Son años de gloria para el poliziesco y la producción en serie impone un star-system masivo. A esta primera línea conformada por Nero y Milian se sumarán Enrico Maria Salerno, Antonio Sabàto, Giuliano Gemma, Maurizio Merli, Fabio Testi o la estrella de la fotonovela Franco Gasparri. No busquen figuras femeninas, porque no las hubo: en un cine hiperviolento, tan orgullosamente macho como aquel, su cometido fue secundario, cuando no inexistente, y solo forzando la máquina podemos apuntar a Mariangela Melato o Claudia Cardinale por haber encontrado espacio simbólico en dos cintas capitales para el género como La policía agradece (Stefano Vanzina, 1972) y El día de la lechuza (Damiano Damiani, 1968).
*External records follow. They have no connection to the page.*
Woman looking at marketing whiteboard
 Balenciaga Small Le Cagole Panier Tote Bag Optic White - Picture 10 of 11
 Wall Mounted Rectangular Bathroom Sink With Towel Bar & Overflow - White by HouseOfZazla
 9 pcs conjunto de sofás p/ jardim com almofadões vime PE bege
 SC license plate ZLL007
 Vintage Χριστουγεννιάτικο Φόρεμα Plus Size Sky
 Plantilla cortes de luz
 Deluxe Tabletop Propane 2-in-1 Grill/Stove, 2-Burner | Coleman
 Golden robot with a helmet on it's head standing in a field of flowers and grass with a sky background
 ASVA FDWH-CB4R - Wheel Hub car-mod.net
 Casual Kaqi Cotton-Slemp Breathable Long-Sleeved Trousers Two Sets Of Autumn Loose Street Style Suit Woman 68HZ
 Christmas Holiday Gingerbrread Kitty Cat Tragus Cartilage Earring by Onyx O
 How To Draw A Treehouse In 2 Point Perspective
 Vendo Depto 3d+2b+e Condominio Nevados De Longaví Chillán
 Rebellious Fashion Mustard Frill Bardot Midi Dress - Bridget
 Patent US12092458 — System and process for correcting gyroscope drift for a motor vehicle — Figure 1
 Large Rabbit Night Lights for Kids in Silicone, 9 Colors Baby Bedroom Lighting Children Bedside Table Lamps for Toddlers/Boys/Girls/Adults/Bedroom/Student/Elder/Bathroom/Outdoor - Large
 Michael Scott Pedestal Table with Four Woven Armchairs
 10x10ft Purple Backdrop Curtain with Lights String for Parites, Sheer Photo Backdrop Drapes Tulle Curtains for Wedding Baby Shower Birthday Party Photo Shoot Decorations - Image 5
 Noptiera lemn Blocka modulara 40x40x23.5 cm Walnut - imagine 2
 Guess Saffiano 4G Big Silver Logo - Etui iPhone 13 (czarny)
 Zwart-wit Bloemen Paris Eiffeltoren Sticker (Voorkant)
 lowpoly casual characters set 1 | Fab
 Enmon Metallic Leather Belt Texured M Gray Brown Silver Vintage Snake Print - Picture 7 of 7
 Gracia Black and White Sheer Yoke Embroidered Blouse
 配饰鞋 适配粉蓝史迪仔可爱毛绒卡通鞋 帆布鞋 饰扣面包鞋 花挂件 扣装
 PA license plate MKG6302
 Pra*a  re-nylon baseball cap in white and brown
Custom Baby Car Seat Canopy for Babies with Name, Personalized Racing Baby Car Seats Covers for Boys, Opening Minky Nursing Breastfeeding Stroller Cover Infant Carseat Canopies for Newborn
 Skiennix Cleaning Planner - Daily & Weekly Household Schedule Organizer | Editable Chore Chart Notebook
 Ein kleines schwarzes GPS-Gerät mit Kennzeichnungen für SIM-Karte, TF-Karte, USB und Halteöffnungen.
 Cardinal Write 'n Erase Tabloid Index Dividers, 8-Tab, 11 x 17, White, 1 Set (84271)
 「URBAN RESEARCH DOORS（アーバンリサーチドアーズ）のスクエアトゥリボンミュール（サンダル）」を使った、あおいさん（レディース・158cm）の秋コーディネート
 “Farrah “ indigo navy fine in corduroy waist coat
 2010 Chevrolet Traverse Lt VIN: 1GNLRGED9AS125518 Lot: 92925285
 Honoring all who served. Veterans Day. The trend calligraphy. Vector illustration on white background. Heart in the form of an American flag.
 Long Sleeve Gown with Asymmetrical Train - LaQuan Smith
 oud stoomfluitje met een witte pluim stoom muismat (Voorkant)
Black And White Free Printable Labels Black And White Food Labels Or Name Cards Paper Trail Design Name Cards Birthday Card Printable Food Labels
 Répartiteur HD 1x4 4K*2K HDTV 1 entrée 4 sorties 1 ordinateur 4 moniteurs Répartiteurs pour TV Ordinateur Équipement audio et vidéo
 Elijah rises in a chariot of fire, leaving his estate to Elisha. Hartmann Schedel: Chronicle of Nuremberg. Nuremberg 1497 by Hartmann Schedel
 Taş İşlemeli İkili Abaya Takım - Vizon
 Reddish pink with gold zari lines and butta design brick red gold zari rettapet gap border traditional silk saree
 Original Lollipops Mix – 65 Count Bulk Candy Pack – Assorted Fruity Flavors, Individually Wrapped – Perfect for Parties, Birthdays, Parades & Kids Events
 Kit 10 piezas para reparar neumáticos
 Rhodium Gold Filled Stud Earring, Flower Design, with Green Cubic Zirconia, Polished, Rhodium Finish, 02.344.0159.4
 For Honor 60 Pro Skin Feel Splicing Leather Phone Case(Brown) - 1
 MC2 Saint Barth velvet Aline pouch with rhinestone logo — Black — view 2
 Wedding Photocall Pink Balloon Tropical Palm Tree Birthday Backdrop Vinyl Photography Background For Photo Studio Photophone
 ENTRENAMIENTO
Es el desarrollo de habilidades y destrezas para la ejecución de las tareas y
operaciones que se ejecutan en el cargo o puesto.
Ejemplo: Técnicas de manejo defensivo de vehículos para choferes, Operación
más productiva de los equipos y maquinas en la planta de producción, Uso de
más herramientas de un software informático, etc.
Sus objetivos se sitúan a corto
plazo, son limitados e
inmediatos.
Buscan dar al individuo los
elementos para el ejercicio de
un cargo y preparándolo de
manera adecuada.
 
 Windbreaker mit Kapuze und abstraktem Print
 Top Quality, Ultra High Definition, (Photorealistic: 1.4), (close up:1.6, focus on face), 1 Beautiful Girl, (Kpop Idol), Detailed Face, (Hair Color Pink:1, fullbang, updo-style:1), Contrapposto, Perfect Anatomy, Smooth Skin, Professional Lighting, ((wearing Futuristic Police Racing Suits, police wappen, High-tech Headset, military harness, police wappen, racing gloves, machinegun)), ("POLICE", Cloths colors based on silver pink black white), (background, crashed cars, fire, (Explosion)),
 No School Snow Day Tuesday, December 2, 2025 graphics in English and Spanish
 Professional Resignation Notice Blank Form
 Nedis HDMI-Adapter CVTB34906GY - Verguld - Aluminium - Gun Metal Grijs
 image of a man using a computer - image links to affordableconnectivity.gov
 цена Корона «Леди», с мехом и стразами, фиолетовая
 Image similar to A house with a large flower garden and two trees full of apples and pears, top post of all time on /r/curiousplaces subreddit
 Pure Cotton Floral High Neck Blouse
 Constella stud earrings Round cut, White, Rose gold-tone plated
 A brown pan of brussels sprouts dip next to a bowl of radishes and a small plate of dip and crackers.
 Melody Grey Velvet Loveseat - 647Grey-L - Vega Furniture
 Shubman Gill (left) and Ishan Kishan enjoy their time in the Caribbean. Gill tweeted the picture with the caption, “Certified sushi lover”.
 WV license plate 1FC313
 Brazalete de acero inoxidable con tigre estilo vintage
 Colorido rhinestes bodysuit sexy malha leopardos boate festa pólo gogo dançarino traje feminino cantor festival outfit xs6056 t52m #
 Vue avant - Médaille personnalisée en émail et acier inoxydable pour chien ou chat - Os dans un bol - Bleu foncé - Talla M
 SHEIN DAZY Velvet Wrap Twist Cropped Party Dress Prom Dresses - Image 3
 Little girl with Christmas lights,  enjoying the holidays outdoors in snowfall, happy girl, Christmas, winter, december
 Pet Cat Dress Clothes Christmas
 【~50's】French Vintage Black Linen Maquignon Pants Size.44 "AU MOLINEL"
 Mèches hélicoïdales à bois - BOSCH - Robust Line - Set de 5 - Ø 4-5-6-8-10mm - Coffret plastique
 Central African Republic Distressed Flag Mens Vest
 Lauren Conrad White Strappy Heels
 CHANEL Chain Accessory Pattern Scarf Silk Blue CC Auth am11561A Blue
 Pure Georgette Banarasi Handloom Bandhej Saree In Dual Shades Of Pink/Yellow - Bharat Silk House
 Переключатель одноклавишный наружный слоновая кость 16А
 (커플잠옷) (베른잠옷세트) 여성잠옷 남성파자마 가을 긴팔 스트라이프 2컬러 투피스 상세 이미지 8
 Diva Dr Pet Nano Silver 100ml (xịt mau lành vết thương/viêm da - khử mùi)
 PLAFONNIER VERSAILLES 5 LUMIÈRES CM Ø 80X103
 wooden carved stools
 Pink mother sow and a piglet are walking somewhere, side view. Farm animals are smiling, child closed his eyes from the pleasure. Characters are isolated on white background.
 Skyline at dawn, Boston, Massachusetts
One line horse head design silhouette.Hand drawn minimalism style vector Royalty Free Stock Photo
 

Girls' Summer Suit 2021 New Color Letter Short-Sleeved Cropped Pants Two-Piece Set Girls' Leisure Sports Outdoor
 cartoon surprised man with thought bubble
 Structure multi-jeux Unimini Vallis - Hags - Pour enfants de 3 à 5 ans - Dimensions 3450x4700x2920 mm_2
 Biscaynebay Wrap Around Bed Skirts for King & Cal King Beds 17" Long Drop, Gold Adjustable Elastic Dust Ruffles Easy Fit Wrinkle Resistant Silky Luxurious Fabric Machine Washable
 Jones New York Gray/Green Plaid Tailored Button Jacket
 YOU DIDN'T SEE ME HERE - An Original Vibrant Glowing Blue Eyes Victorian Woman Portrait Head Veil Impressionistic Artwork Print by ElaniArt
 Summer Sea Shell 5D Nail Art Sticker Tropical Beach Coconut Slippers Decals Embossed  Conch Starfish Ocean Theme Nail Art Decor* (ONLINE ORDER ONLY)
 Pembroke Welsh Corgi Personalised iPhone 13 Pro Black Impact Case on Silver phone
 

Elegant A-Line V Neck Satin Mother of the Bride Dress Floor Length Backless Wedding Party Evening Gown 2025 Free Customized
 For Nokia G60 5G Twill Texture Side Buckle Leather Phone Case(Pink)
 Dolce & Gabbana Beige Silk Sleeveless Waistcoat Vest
Será este plantel estelar quien sostenga el policiaco hasta la década de los ochenta, cuando Italia se convierta en un país incapaz de admitir ficciones criminales ante la violencia real que regaba de sangre sus calles. Y por ello, cuando el poliziesco buscó renacer, su star-system estaba nuevamente por construir. Lo acariciaron fugazmente Kim Rossi Stuart o Luigi Lo Cascio, pero el género, todavía titubeante, no les permitirá asentarse en un lugar que parecía destinado a un actor secundario que se había asomado al primer policiaco italiano con dimensión real de éxito en el nuevo milenio, Romanzo criminale (Michele Placido, 2005). Se llamaba Pierfrancesco Favino y, él sí, se erigirá en actor capital para este regreso triunfal del poliziesco a las órdenes de realizadores como Bellocchio, Sollima, Giordana, Martone o Andrea Di Stefano, cuya Última noche en Milán (2023) clausura la retrospectiva “Italia violenta”.